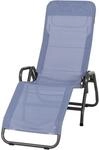 Siena Garden Kippliege Bito Blau 139x72x118 cm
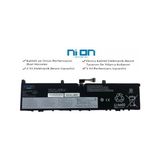 Ni-On Lenovo Thinkpad P1 Gen 2 Type 20QT 20QU , Thinkpad P1 Gen 1 Type 20MD 20ME Notebook Bataryası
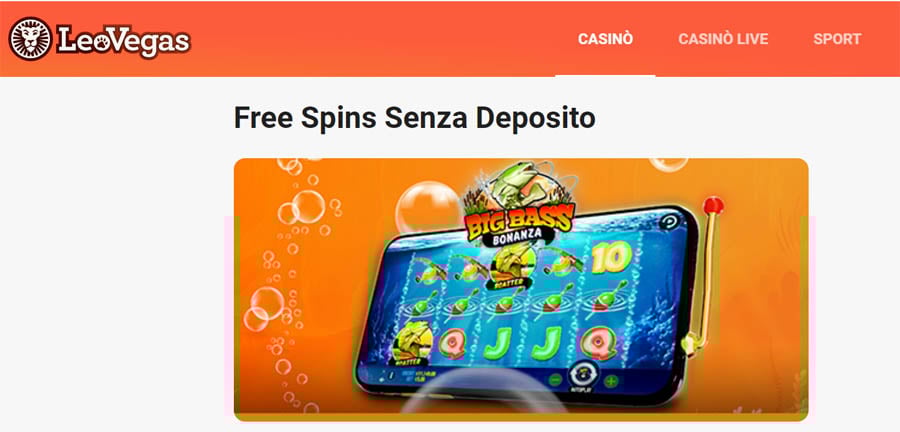 Leovegas è un portale molto famoso in Italia per la sua eccezionale offerta di giochi e il suo generoso bonus di benvenuto, che include appunto Giri Gratuiti senza necessità di deposito immediato. {58}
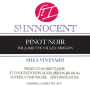 St. Innocent Shea Vineyard Pinot Noir 2012 Front Label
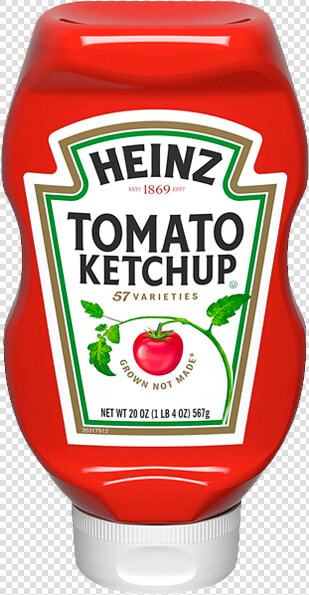 Ketchup Png   Heinz Tomato Ketchup 20 Oz  Transparent PngTransparent PNG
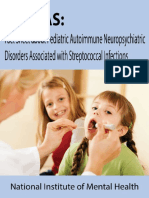 PANDAS Fact Sheet: Understanding Pediatric Autoimmune Neuropsychiatric Disorders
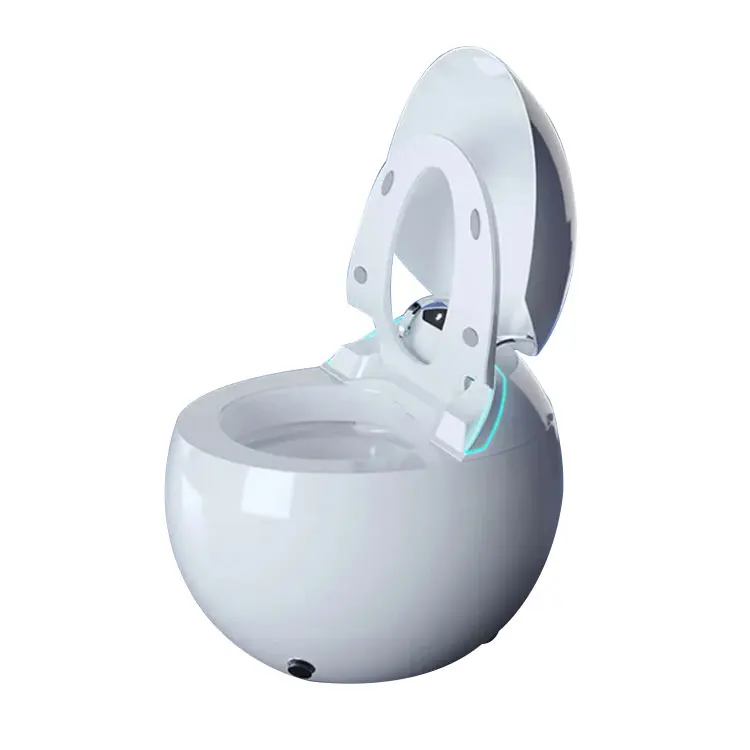 New design egg-shaped automatic operation flushing intelligent electric intelligent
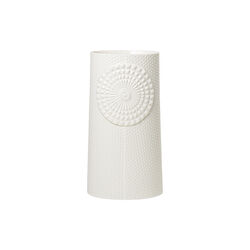Pipanella Dot vase, white, Dottir Nordic Design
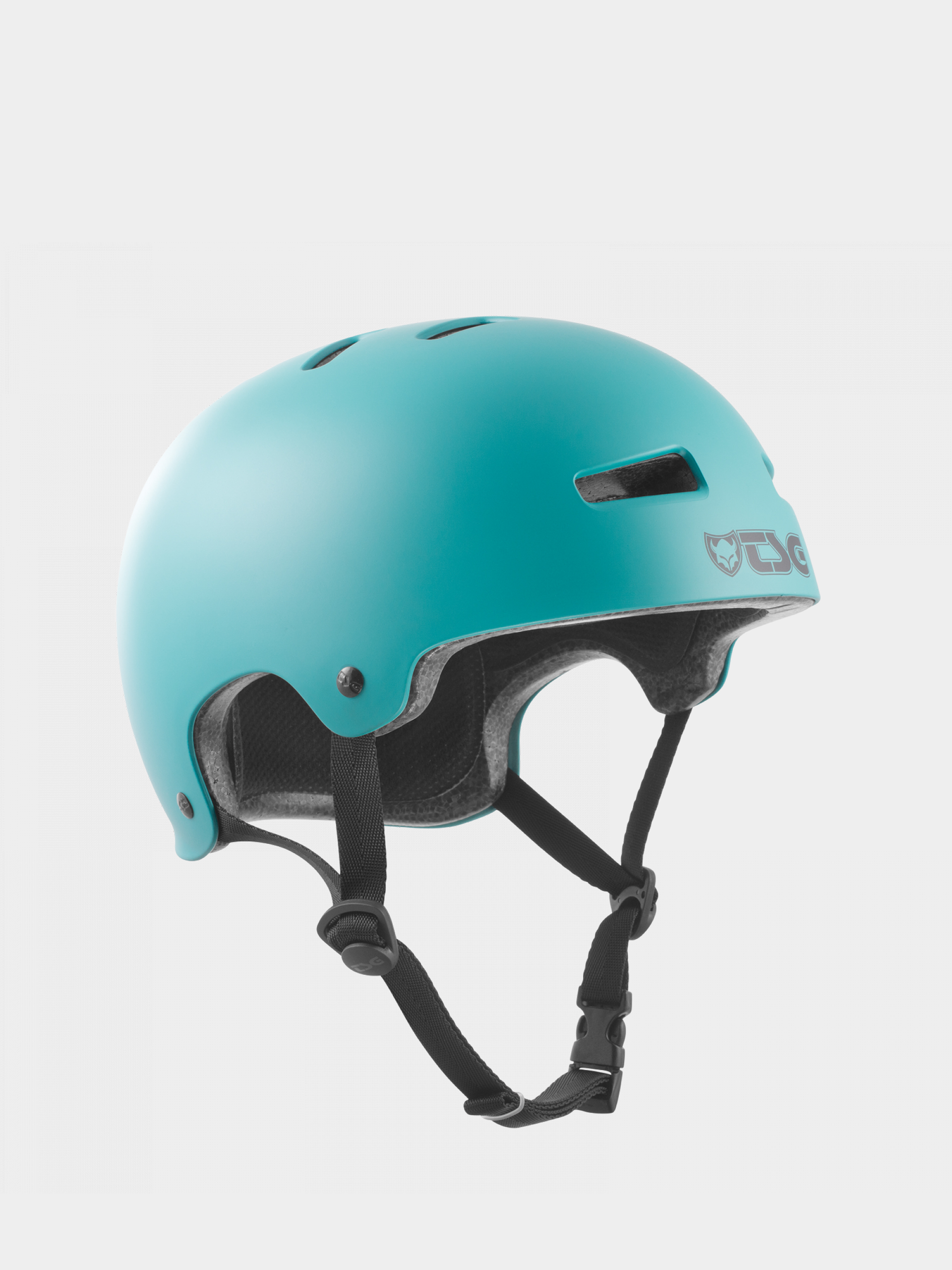 Cască TSG Evolution Solid Color (satin cauma green)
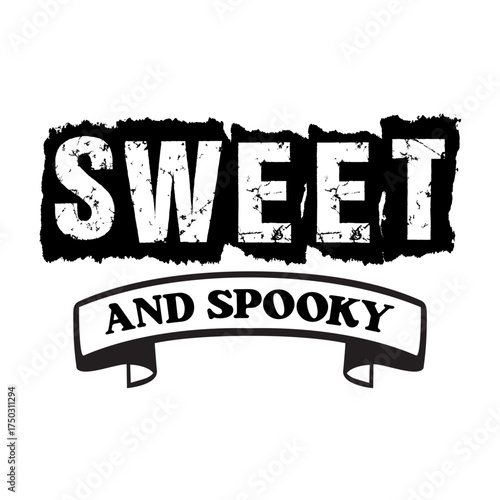 Sweet And Spooky svg 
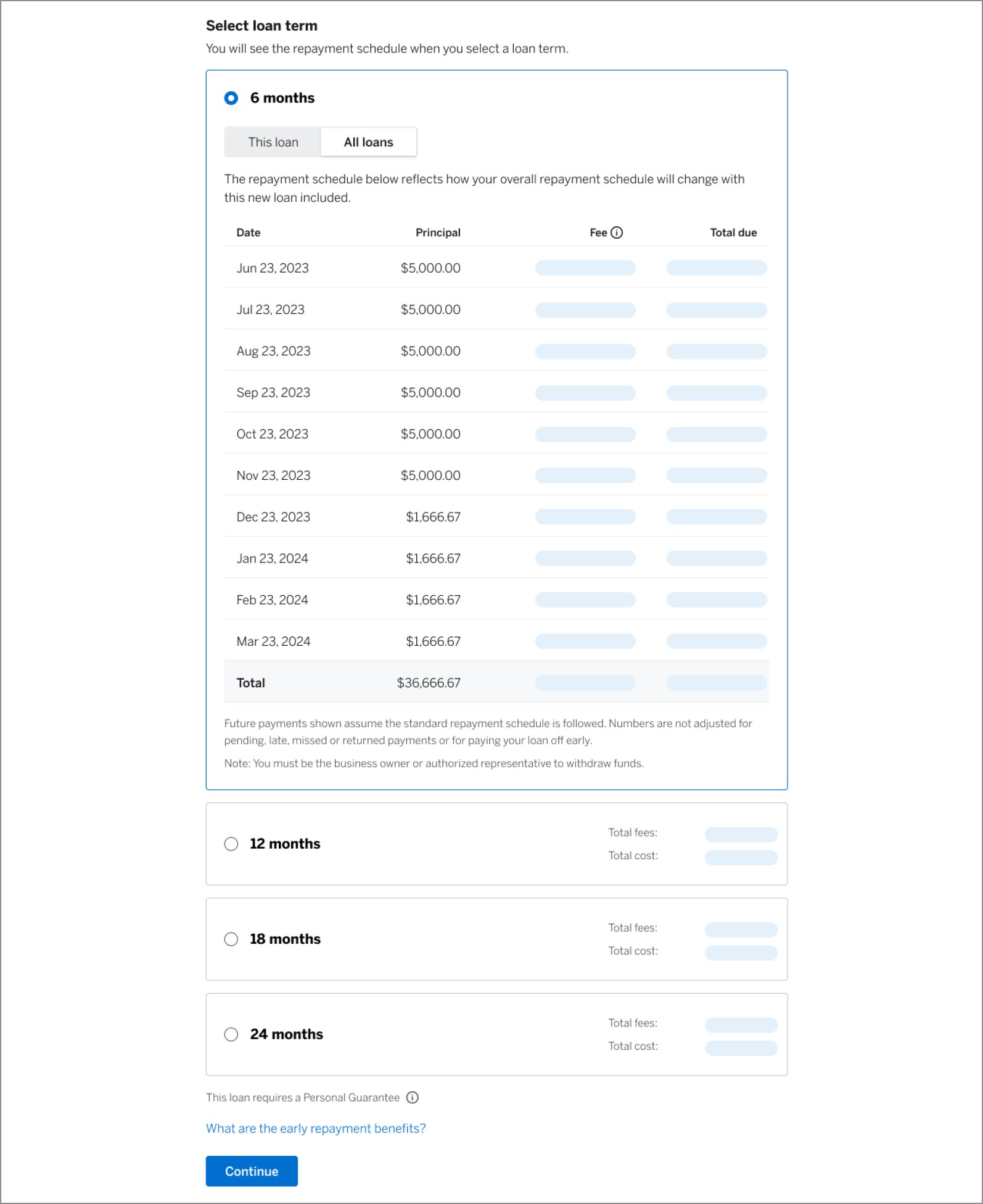 How to draw funds from your Amex® Business Line of Credit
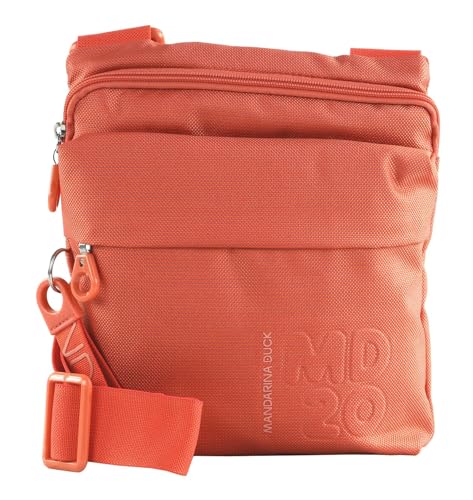 Mandarina Duck MD20 Small Crossover Tangerine, sacoche légère et résistante au quotidien
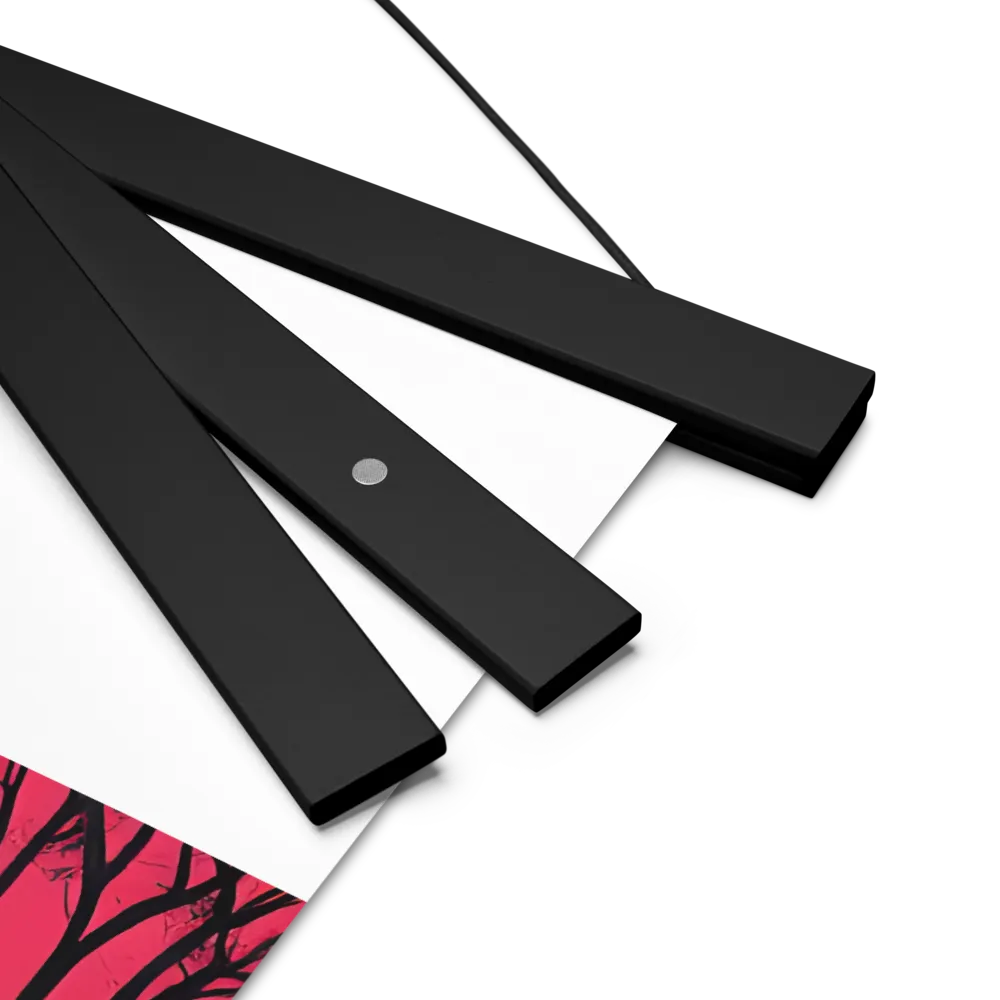 Urban Reverie | Poster With Black Wood Hanger | 18″×24″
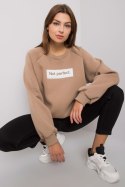 Bluza Damska Model EM-BL-652.13P Beige - Ex Moda Ex Moda Bluza Damska Model EM-BL-652.13P Beige - Ex Moda Ex Moda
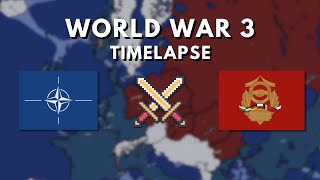 World War 3 Timelapse  Ages of Conflict World War Sim [upl. by Kwapong268]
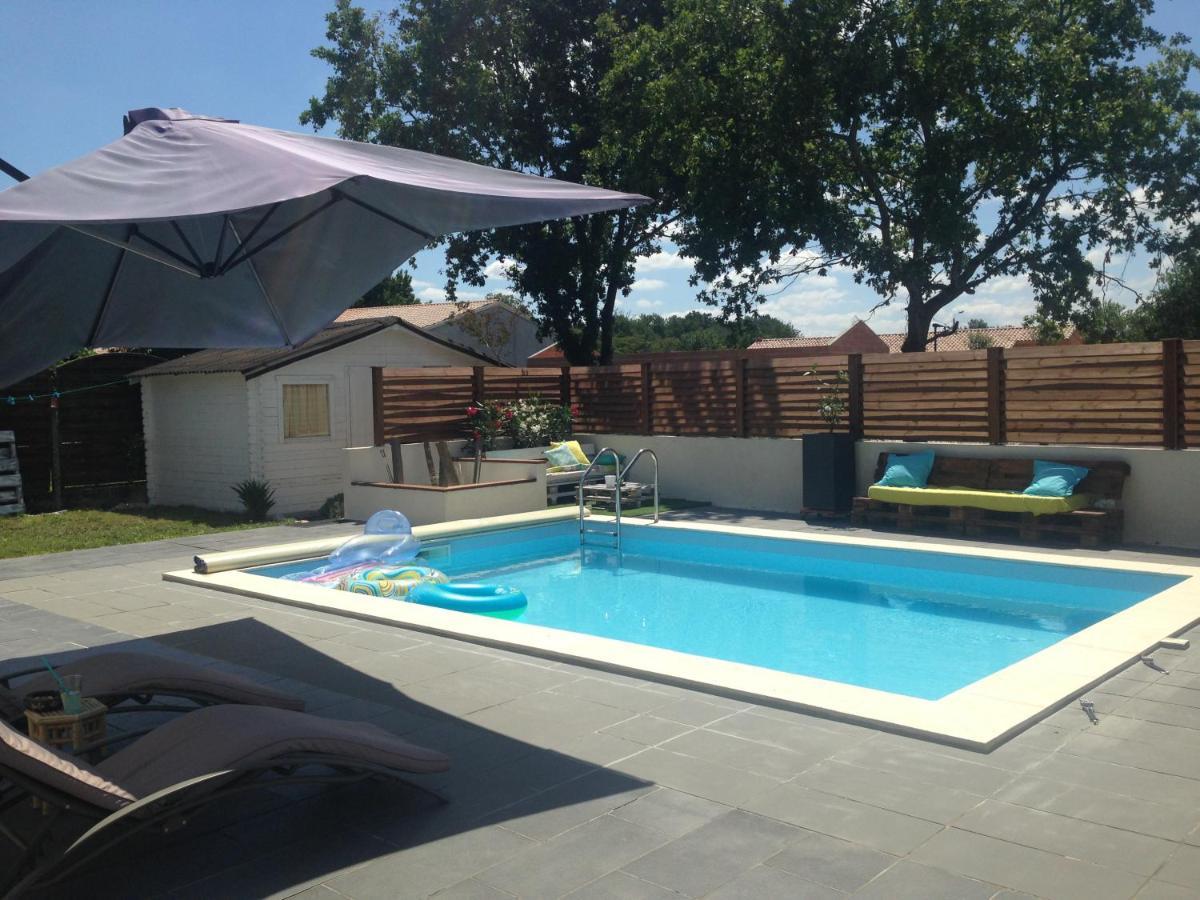 Hébergement de vacances Maison Piscine 4 Ch Medoc Bassin Arcachon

☆ ☆ ☆ ☆ ☆

## Instructions to follow
Could you print all the entries exactly as they stand, with the pictures left out?

## Completed task
 Siena Garden Kippliege Bito Blau 139x72x118 cm
 Ni-On Lenovo Thinkpad P1 Gen 2 Type 20QT 20QU , Thinkpad P1 Gen 1 Type 20MD 20ME Notebook Bataryası
 Leovegas è un portale molto famoso in Italia per la sua eccezionale offerta di giochi e il suo generoso bonus di benvenuto, che include appunto Giri Gratuiti senza necessità di deposito immediato. {58}
 St. Innocent Shea Vineyard Pinot Noir 2012 Front Label
 Ketchup Png   Heinz Tomato Ketchup 20 Oz  Transparent PngTransparent PNG
 PANDAS Fact Sheet: Understanding Pediatric Autoimmune Neuropsychiatric Disorders
 New design egg-shaped automatic operation flushing intelligent electric intelligent
Pipanella Dot vase, white, Dottir Nordic Design
 Cască TSG Evolution Solid Color (satin cauma green)
 Sweet And Spooky svg 
 How to draw funds from your Amex® Business Line of Credit
 Mandarina Duck MD20 Small Crossover Tangerine, sacoche légère et résistante au quotidien
 Urban Reverie | Poster With Black Wood Hanger | 18″×24″
 Bluza Damska Model EM-BL-652.13P Beige - Ex Moda Ex Moda Bluza Damska Model EM-BL-652.13P Beige - Ex Moda Ex Moda
 World War 3 Timelapse  Ages of Conflict World War Sim [upl. by Kwapong268]
 Hébergement de vacances Maison Piscine 4 Ch Medoc Bassin Arcachon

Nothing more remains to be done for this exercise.